How Much Is Good Layout Worth?

In layout, perhaps more than in any other aspect of programming, the difference between communicating with the computer and communicating with human readers comes into play. The smaller part of the job of programming is writing a program so that the computer can read it; the larger part is writing it so that other humans can read it.

In their classic paper "Perception in Chess," Chase and Simon reported on a study that compared the abilities of experts and novices to remember the positions of pieces in chess (1973). When pieces were arranged on the board as they might be during a game, the experts' memories were far superior to the novices'. When the pieces were arranged randomly, there was little difference between the memories of the experts and the novices. The traditional interpretation of this result is that an expert's memory is not inherently better than a novice's but that the expert has a knowledge structure that helps him or her remember particular kinds of information. When new information corresponds to the knowledge structure-in this case, the sensible placement of chess pieces-the expert can remember it easily. When new information doesn't correspond to a knowledge structure-the chess pieces are randomly positioned-the expert can't remember it any better than the novice.

A few years later, Ben Shneiderman duplicated Chase and Simon's results in the com-puter-programming arena and reported his results in a paper called "Exploratory Experiments in Programmer Behavior" (1976). Shneiderman found that when program statements were arranged in a sensible order, experts were able to remember them better than novices. When statements were shuffled, the experts' superiority was reduced. Shneiderman's results have been confirmed in other studies (McKeithen et al. 1981, Soloway and Ehrlich 1984). The basic concept has also been confirmed in the games Go and bridge and in electronics, music, and physics (McKeithen et al. 1981).

After I published the first edition of this book, Hank, one of the programmers who reviewed the manuscript, said "I was surprised that you didn't argue more strongly in favor of a brace style that looks like this:

for ( ...)
    {
    }

"I was surprised that you even included the brace style that looked like this:

for ( ...) {
}

"I thought that, with both Tony and me arguing for the first style, you'd prefer that." I responded, "You mean you were arguing for the first style, and Tony was arguing for the second style, don't you?
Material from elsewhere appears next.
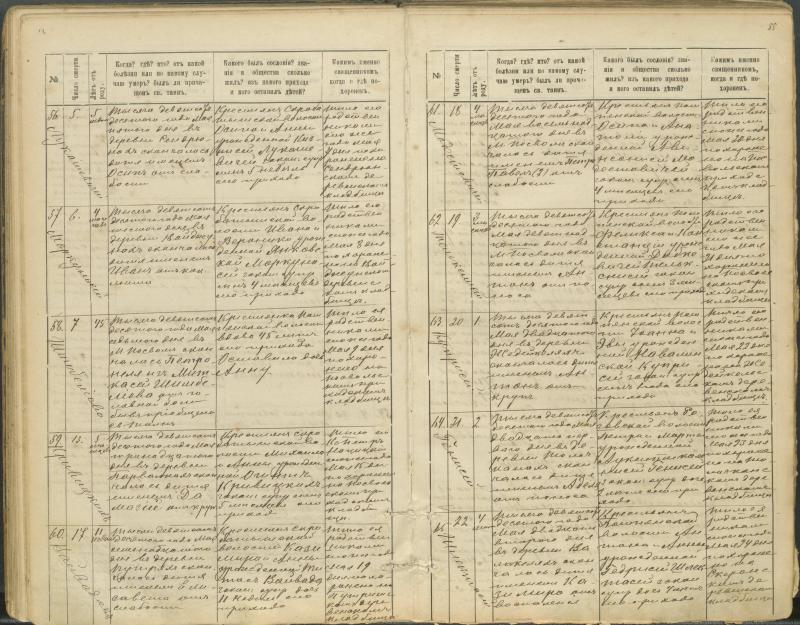 Pasvalio Romos katalikų parapijos bažnyčios 1907–1917 metų mirties metrikų knyga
Tony argued for the second style, not the first."

Hank responded, "That's funny. The last project Tony and I worked on together, I preferred style #2, and Tony preferred style #1. We spent the whole project arguing about which style was best. I guess we talked one another into preferring each other's styles!"

This experience, as well as the studies cited above, suggest that structure helps experts to perceive, comprehend, and remember important features of programs. Expert programmers often cling to their own styles tenaciously, even when they're vastly different from other styles used by other expert programmers. The bottom line is that the details of a specific method of structuring a program are much less important than the fact that the program is structured consistently.

Layout as Religion

The importance to comprehension and memory of structuring one's environment in a familiar way has led some researchers to hypothesize that layout might harm an expert's ability to read a program if the layout is different from the scheme the expert uses (Sheil 1981, Soloway and Ehrlich 1984). That possibility, compounded by the fact that layout is an aesthetic as well as a logical exercise, means that debates about program formatting often sound more like religious wars than philosophical discussions.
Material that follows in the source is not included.